When Supplier Risk Becomes Business Risk: Can Your Business Keep Running if a Critical Supplier Goes Offline?
Question: As attackers target highly connected supply chain providers to trigger cascading breaches, what could security leaders do to reduce risk while minimizing disruption to business operations?
Jeffrey Wheatman, SVP, Cyber Risk Strategist at Black Kite
Managing cyber risk in enterprise supply chains is not a paperwork problem to be addressed by procurement. It is an operational problem. Instead of asking “which vendors are risky?” we should ask, “which third parties are part of critical business processes that would create cascading failures leading to business impacts?”

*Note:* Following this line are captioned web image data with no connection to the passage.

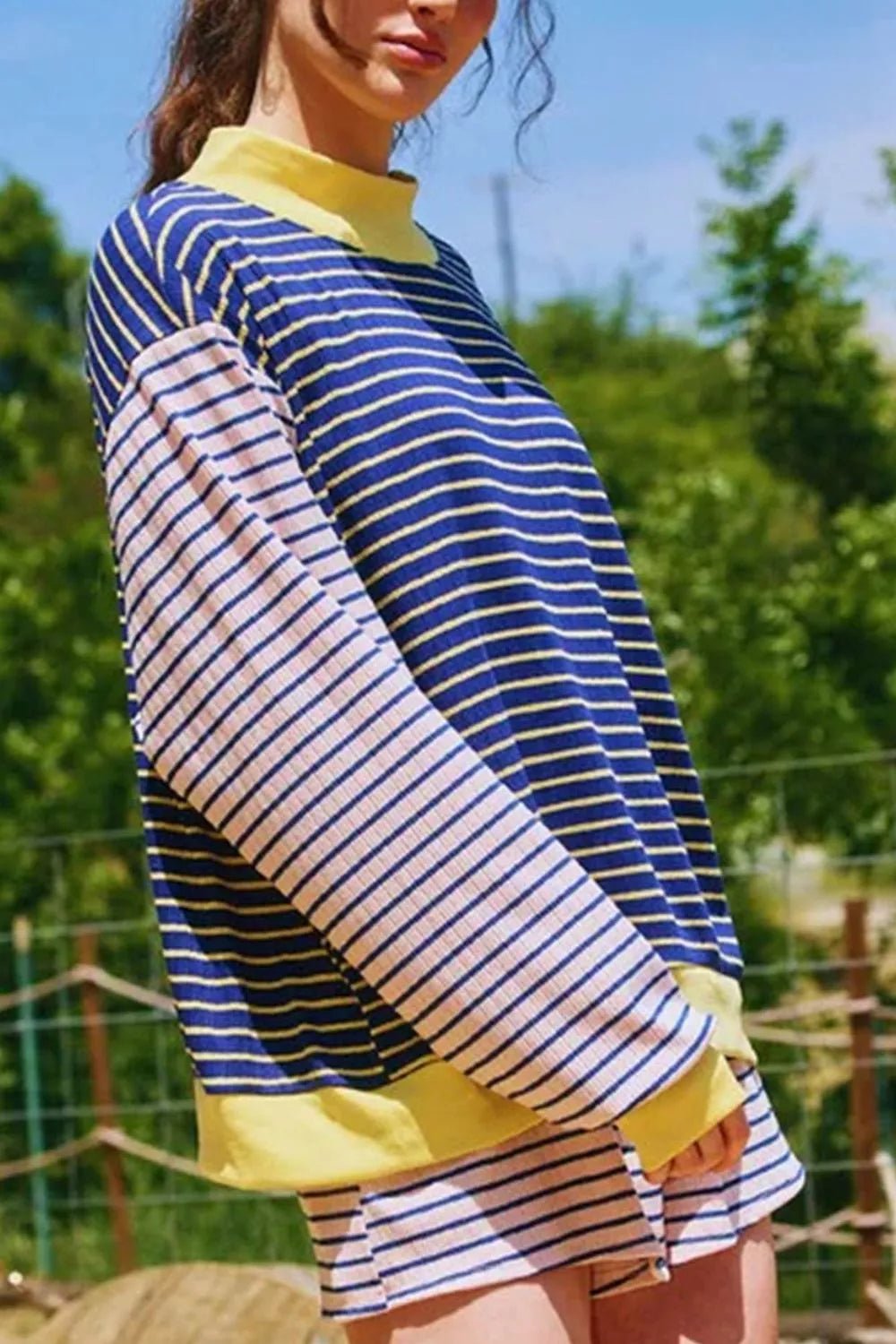 Stripe Color Block Long Sleeve Pullover Ribbed Knit Casual Shorts Set designed for comfort and style at Lookzlike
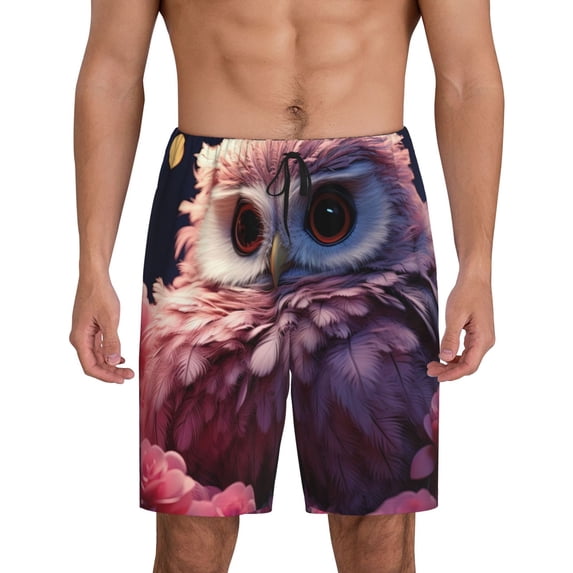 Sikiie Cute Flower Owl Mens Pajama Shorts, Lightweight Lounge Pant with Pockets Soft Sleep Pj Shorts for Men3X-Large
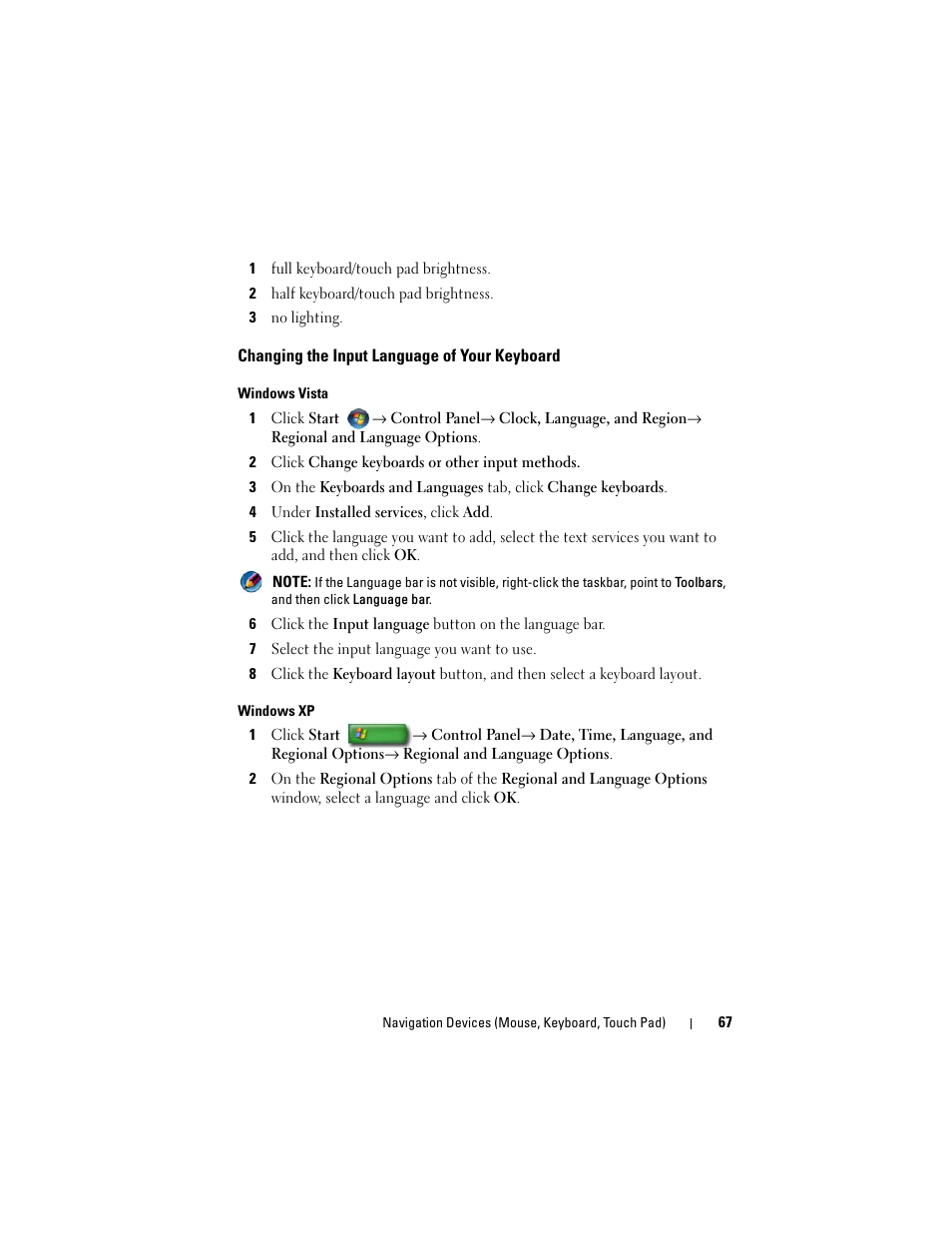 Changing the input language of your keyboard | Dell Inspiron 14R (N4010, Early 2010) User Manual | Page 67 / 354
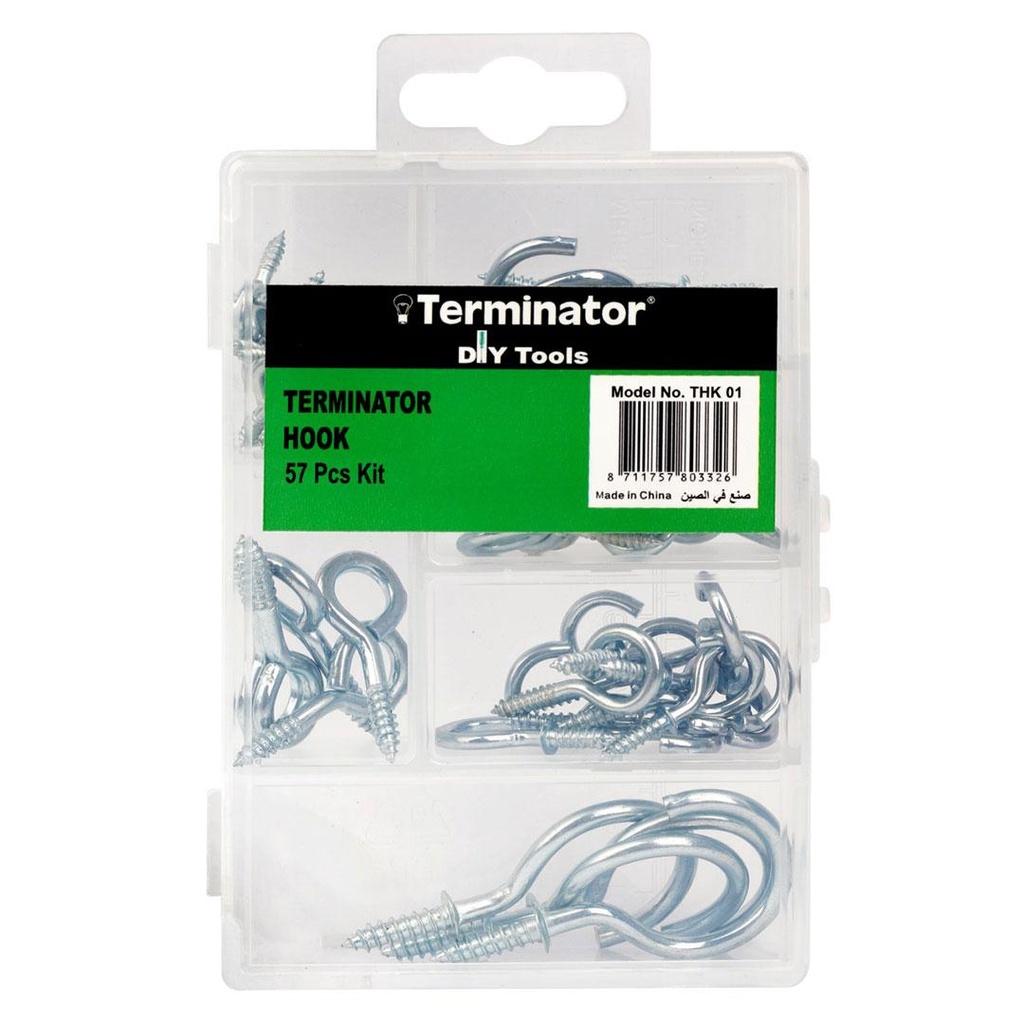 Terminator Closed and Open Screw Hook (Approx Set of 57 Pieces)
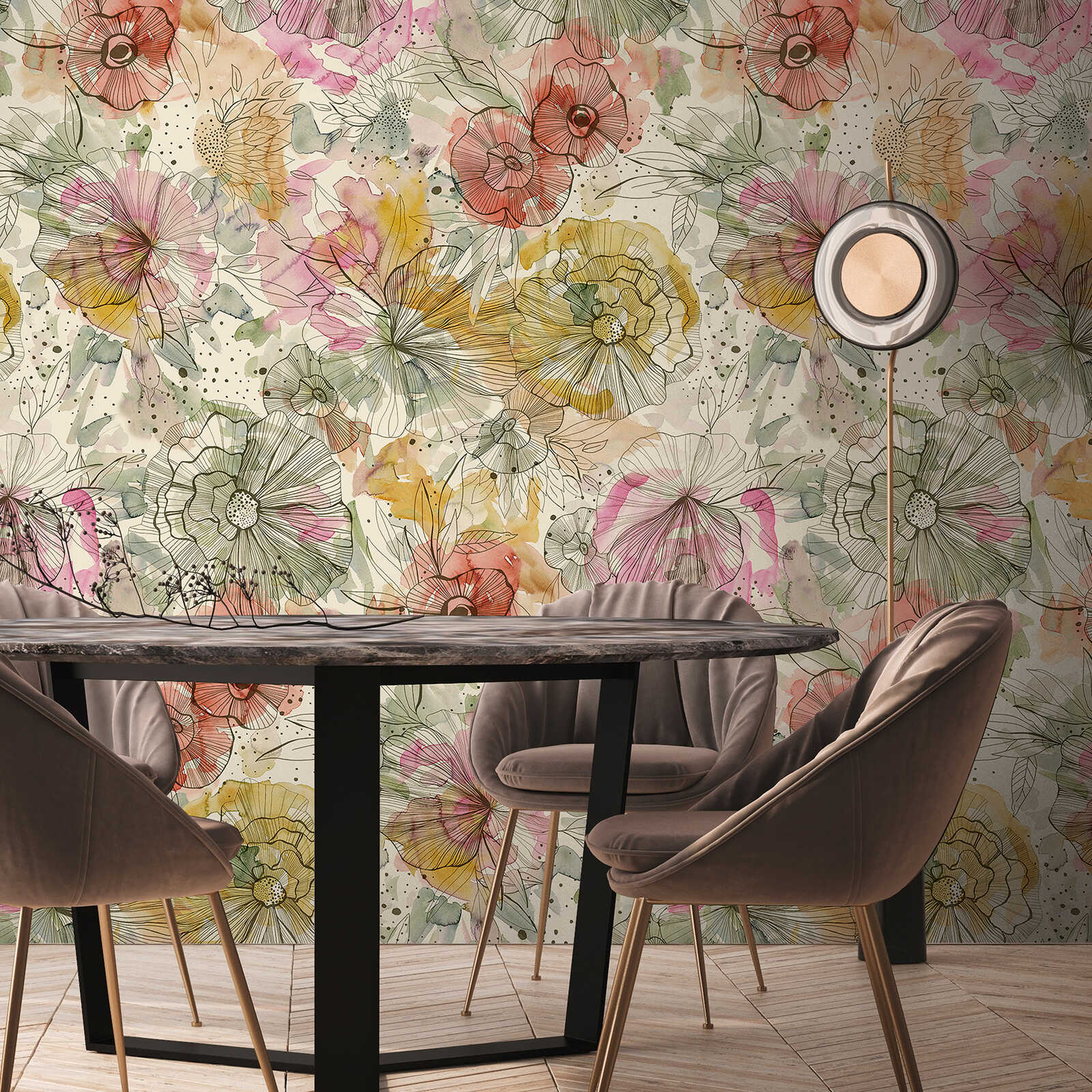         Motivtapete im XXL-Design mit Blumen und Blüten im Aquarellstil – Beige, Orange, Pink
    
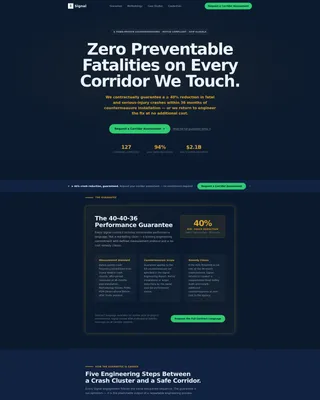 Traffic Safety Landing Page Template for Engineering Firms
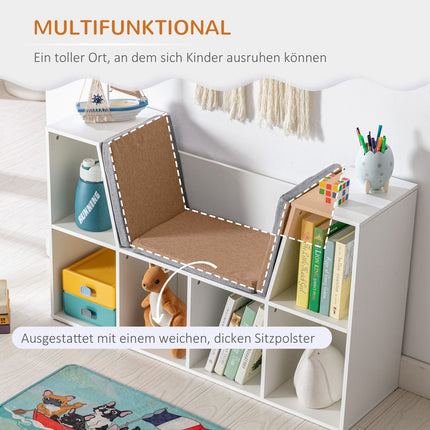 Étagère de rangement et banc 2 en 1 pour enfants avec coussin, blanc/gris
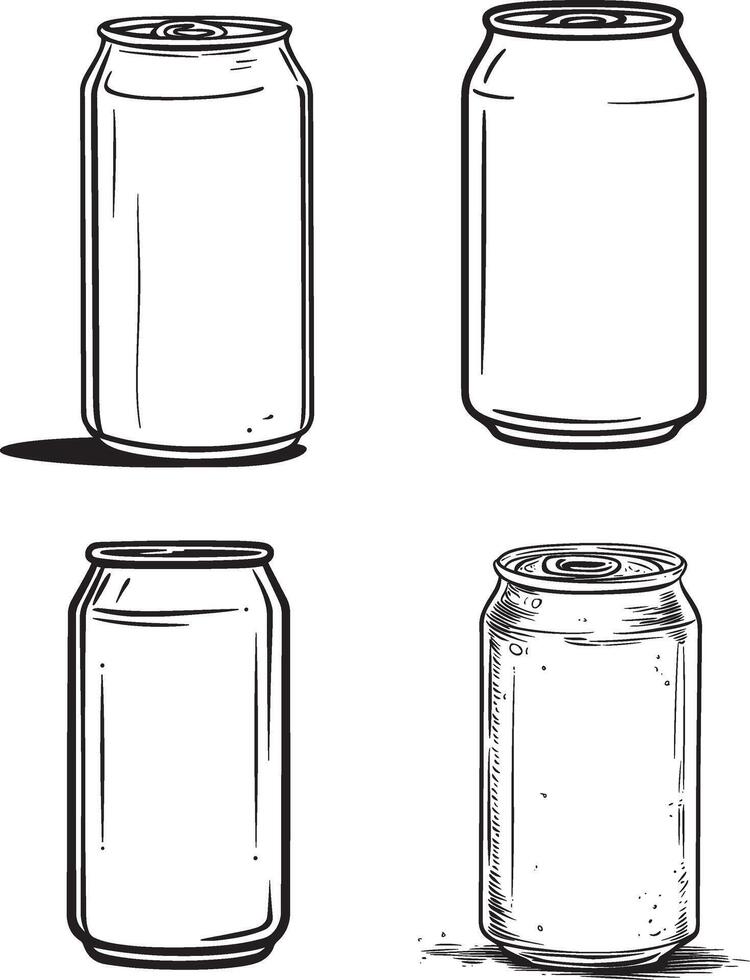 Beautiful Hand-Drawn Vintage Soda Can Sketch Illustration of Beverage Can vector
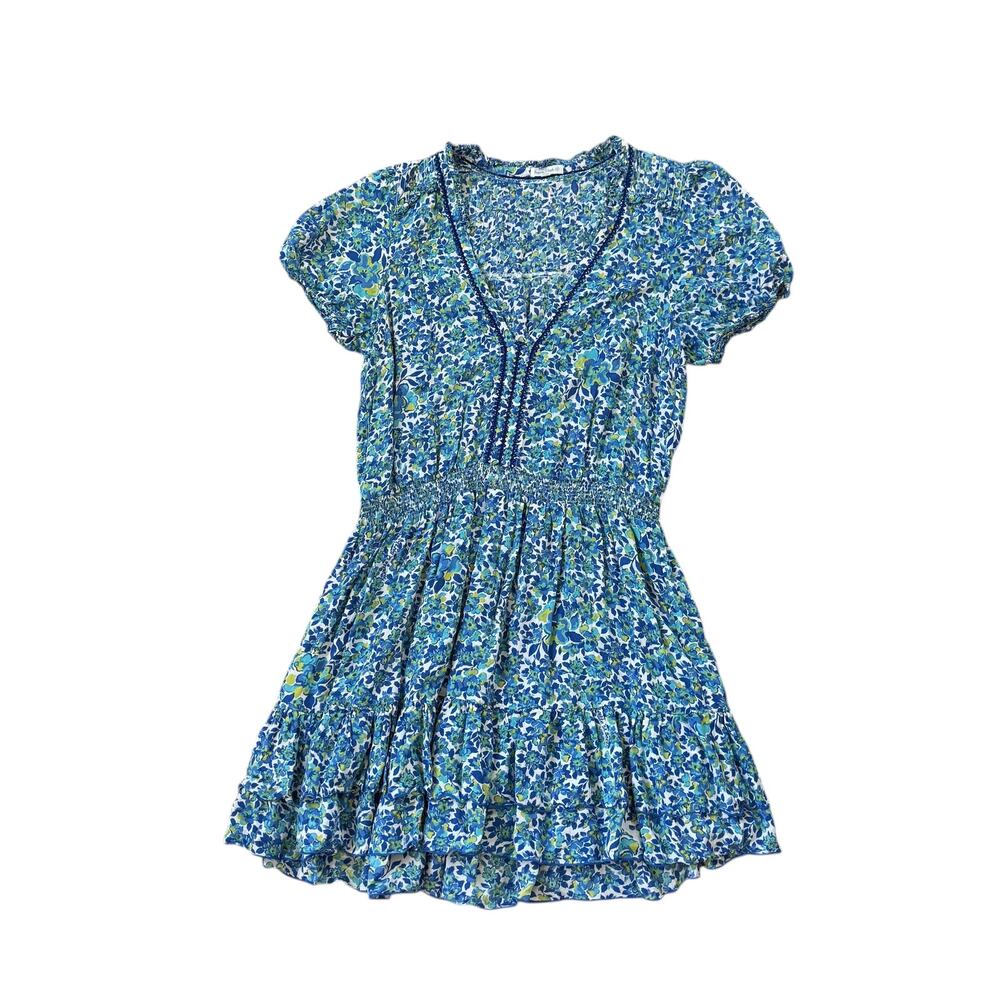Poupette St Barth Bibi Mini Dress Blue Green Floral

Savvy attackers don’t target suppliers randomly; they attack concentration points. The modern equivalents of Willie Sutton, who robbed banks because that’s where the money was, they go after managed service providers, SaaS platforms, identity repositories, software and AI dependencies, and vendors with privileged access to customer environments.
Organizations have gotten better at discovering third-party exposures, but have not gotten better at managing them. They have inventories, questionnaires, scores, and reviews. We need practical, repeatable mechanisms to address exposed risks.
Organizations need to get better at prioritizing suppliers, not only by ‘value,’ but by blast radius. A small vendor with access to data or administrative consoles may matter more than a large vendor with limited exposure.
Security teams should map their top nth parties, the ones that could disrupt operations, expose data, or provide a pathway into critical systems.
- What access do they have?
- Is it persistent?
- Is it monitored?
- Can we revoke it?
- What happens during a business interruption?
- Who owns the decision to keep/cut that connection?
For higher impact suppliers, we need to collaborate to modify and maintain controls, including stronger IAM, better data protection, incident detection and response, software/AI visibility, vendor lifecycle management, and business continuity.
This is where current models fall short. Many third-party risk programs assess company-level security posture but ignore extended relationships between suppliers and enterprises.
Security leaders need to implement “supplier isolation,” segmenting access, separating environments, limiting shared credentials, constraining APIs, and making sure a provider cannot move across the business.
The goal is not zero disruption; it is controlled disruption before an incident instead of uncontrolled disruption during one.
Organizations need to account for supplier compromise in their incident playbooks. Most companies have incident playbooks. Fewer have a practical plan for critical vendor incidents. Playbooks must define vendor contact trees, integration suspension, shifts to manual modes, and external communication.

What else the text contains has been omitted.